The world’s oceans have been set to simmer, and the heat is being cranked up. Last year saw the hottest ocean temperatures in recorded history, the sixth consecutive year that this record has been broken, according to new research.
The heating up of our oceans is being primarily driven by the human-caused climate crisis, scientists say, and represents a starkly simple indicator of global heating. While the atmosphere’s temperature is also trending sharply upwards, individual years are less likely to be record-breakers compared with the warming of the oceans.
Last year saw a heat record for the top 2,000 meters of all oceans around the world, despite an ongoing La Niña event, a periodic climatic feature that cools waters in the Pacific. The 2021 record tops a stretch of modern record-keeping that goes back to 1955. The second hottest year for oceans was 2020, while the third hottest was 2019.

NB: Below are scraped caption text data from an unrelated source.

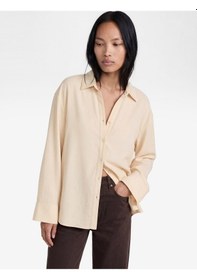 Resim Koton Viskon Karışımlı Klasik Yaka Uzun Geniş Kollu Oversize Gömlek Sarı 6sak60152pw Sarı 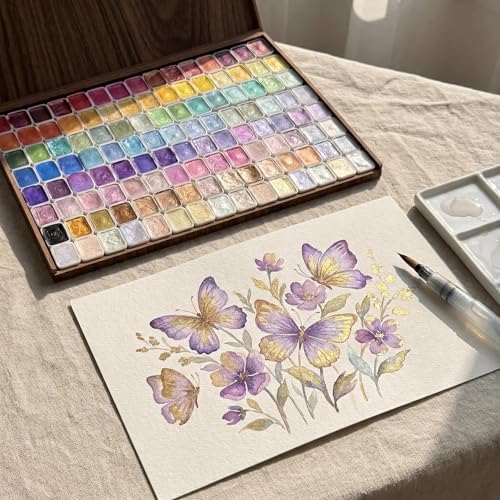 Forestry Shifting Watercolor Painting Set，Shifting Watercolor Painting Set，20 Colors Watercolor Painting Set，Metallic Watercolors，Glitter Watercolor Paint For Children Adults Art Painting (Wooden box 60 colors)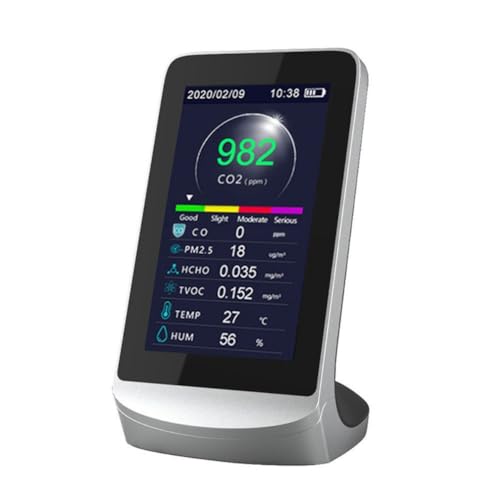 Lawnoval Detector de calidad del aire para medidor con sensor de temperatura y humedad Pfor M2.5 CO2 HCHO TVOC, en tiempo real para monitorear datos aplicación para uso industrial y doméstico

“The ocean heat content is relentlessly increasing, globally, and this is a primary indicator of human-induced climate change,” said Kevin Trenberth, a climate scientist at the National Center for Atmospheric Research in Colorado and co-author of the research, published in Advances in Atmospheric Sciences.
Warmer ocean waters are helping supercharge storms, hurricanes and extreme rainfall, the paper states, which is escalating the risks of severe flooding. Heated ocean water expands and eats away at the vast Greenland and Antarctic ice sheets, which are collectively shedding around 1tn tons of ice a year, with both of these processes fueling sea level rise.